WALTHAM, Mass. (Dec. 24)
A search for “Jewish Women” on the Barnes & Noble Internet site produces a list of 405 titles.
But few of these volumes focus on Jewish women living outside North America and Israel: The groundswell of scholarship on Jewish women’s issues that has risen since the 1970s and the feminist breakthrough has yet to hit the shores of the rest of the Diaspora.
“There is no book-length study” on the Jewish women of Chile, Marjorie Agosin, an author and professor of Spanish at Wellesley College, told a recent gathering of about 100 Jewish women scholars and communal activists at Brandeis University.
Chile is not alone. Several countries with long, proud Jewish histories have no monographs on the contribution of Jewish women.
Enter Brandeis’ International Research Institute on Jewish Women.
The institute grew out of a need for more research on American Jewish women, which the National Commission on American Jewish Women recognized in the 1995 study “Voices for Change,” sponsored by Hadassah, the Woman’s Zionist Organization of America.
The 23-member commission was chaired by Shulamit Reinharz, director of women’s studies at Brandeis, who now serves as a co-director of the research institute with author and Brandeis Professor Sylvia Barack Fishman. Barbra Streisand is the institute’s honorary chair.
Since its founding in 1997 by Hadassah, the institute has developed into a resource for funding and disseminating scholarship on Jewish women by publishing studies, books and articles, and by sponsoring research projects and a World Wide Web site.
But even before those activities get into full swing, conferences like the recent one held at Brandeis are creating an international network of women who can benefit from each other’s research and experiences.
This year’s conference, titled “Studying Jewish Women,” featured historical chronologies and documentary slide shows peppered with personal anecdotes. The atmosphere in the brick-walled room overlooking the campus was warm and intimate.
“It was family,” said Ellen Canon, professor of political science and public policy at Northeastern Illinois University in Chicago. “It wasn’t statistics.”
Farideh Dayanim Goldin, a native of Shiraz, Iran, now living in Virginia, said the conference gives women “courage to do research on subjects they otherwise might not.”
Goldin has submitted her collection of contemporary Persian Jewish women’s poetry to the institute for publication.
Her account of her young life in Iran and her subsequent efforts to compile the anthology was one of the most moving of the conference’s presentations, which included a keynote address by Alice Shalvi, the doyenne of Israeli feminism.
Shalvi said Americans can play a catalytic role for Jewish women across the globe by setting an example as an academic and social presence.
But to conference participants — which included women from Argentina, Algeria, Colombia, Mexico, Hungary and Russia — perhaps the most important contribution the institute can make to the field is creating an environment of cross- cultural exchange.
“We think only about Israel and America, and whoever is making aliyah,” said Gail Twersky Reimer, director of the Jewish Women’s Archives in Brookline, Mass., which compiles and chronicles Jewish women’s history, focusing on the United States, through conferences, educational programs and a Web site.

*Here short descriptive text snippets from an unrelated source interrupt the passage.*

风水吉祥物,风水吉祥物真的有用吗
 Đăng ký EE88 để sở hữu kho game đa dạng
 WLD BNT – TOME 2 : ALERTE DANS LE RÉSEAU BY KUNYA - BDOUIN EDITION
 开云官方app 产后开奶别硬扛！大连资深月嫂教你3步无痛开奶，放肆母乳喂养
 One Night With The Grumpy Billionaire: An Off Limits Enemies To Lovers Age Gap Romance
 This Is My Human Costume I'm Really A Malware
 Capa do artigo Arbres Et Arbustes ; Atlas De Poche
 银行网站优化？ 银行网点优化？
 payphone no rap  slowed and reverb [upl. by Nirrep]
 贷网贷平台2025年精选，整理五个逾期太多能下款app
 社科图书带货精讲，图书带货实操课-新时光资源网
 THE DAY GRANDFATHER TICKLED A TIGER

“It’s important to be reminded of communities all over the world, with their own sets of issues,” Reimer said.
Some of the issues raised by the international panelists at Brandeis centered on Jewish women’s roles in helping communities adjust to decolonization and migration, women’s physical experience and their response to memory and death.
“For me, one of the most exciting aspects of the IRIJW conference was the medium, rather than the message,” Susan Weidman Schneider, founder and editor- in-chief of Lilith magazine, and a member of the research institute’s academic advisory board, wrote in an e-mail message after the Dec. 16-19 gathering.
She said she would include the names of the speakers and participants in Lilith’s Talent Bank, a resource of Jewish women experts.
“It was a wonderful opportunity to be under one roof with women whose work we may know but whose faces were, until last week, unfamiliar,” she wrote. She added that two upcoming issues of Lilith will deal with topics covered at the conference: Jewish women’s writings from Latin America and the experiences of women in Eastern Europe since the fall of communism.
Tania Reytan-Marincheska, founder of the National Council of Jewish Women in Bulgaria, called the conference “a revelation.”
Reytan-Marincheska, who runs a program for refugees and migrants at the Bulgarian Helsinki Project, said was impressed by the academic level of discourse and the universal themes she heard in the presentations of the other speakers.
“I really feel part of a small world,” she said.